┏━━

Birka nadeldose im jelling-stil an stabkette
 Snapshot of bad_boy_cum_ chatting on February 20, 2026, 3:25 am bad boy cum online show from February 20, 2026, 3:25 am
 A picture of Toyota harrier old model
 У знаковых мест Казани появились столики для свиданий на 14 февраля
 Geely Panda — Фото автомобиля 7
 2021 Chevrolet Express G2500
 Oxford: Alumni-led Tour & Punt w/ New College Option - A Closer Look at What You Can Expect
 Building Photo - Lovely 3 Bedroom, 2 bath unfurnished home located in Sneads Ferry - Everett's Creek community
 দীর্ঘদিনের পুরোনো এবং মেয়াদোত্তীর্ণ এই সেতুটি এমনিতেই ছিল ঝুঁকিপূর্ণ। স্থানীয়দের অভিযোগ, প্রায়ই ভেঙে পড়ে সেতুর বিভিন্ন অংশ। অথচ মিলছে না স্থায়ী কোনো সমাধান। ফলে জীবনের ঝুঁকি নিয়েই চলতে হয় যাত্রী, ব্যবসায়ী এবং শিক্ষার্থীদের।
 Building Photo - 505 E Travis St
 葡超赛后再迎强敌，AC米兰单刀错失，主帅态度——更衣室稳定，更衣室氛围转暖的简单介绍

┗━━

**EXERCISE OBJECTIVE:** Copy out every line of the material above that mentions the word "Building".

**WORKED SOLUTION:**
 Building Photo - Lovely 3 Bedroom, 2 bath unfurnished home located in Sneads Ferry - Everett's Creek community
 Building Photo - 505 E Travis St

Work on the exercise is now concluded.